On 30-Jun-17 10:46, ron minnich wrote:
Thanks for the good explanations.
So I have a question for you all. We've been doing some testing of
linux-as-ramstage. We've done a proof of concept that linux can set up
the SMM handler at 0xa0000, the relocate stub at 0x38000, run the
relocate stub, and have a working smm handler. The smm handler can
trampoline to 64-bit mode and call the kernel, using existing
mechanisms. So our SMM handler, in this scenario, is a set of
functions provided by the kernel, not a binary blob. The result is a
teeny tiny SMM handler and complete elimination of the vendor-supplied
SMM code.
How do you do the relocation on a system where the vendor bios has
already relocated the SMM_BASE (i.e. when not running on a machine you
have the bios source code for)?
There are lots of benefits.
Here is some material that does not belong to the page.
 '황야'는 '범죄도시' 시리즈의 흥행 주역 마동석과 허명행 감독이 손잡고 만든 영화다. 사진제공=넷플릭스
The SMM is no longer at a fixed location
-- it's kind of ASLR for SMM code; there is very little code that runs
in SMM; and the SMM handlers we implement run in 64-bit mode with full
memory protections. The big one for me is that persistent firmware
blobs are reduced by one -- it's part of a goal to create an air gap
between firmware and kernel. Another part of this work is that we're
going to discard firmware-supplied ACPI tables and use ones supplied
by the kernel.
SMM was never a blob on coreboot.
I realize this is not a general approach. But for small, limited
configurations, such as OCP servers which come in a small number of
flavors, it's quite doable.
The only question that has been raised: are we losing an essential
security guarantee since flash is writeable in this kernel-based
"SMM"? The big question is whether we're opening up the possibility of
firmware getting changed, once the kernel is our "smm mode". Is there
a reasonable mitigation we could use in the SMM handler before we
trampoline back up to the kernel?
You could add the security that your bios implemented back into your
kernel SMM handler ;-) Look at the open source SMM handler in coreboot
for how that is done.
Thoughts on this are welcome.
ron
On Fri, Jun 30, 2017 at 6:01 AM Alexander Couzens <[email protected]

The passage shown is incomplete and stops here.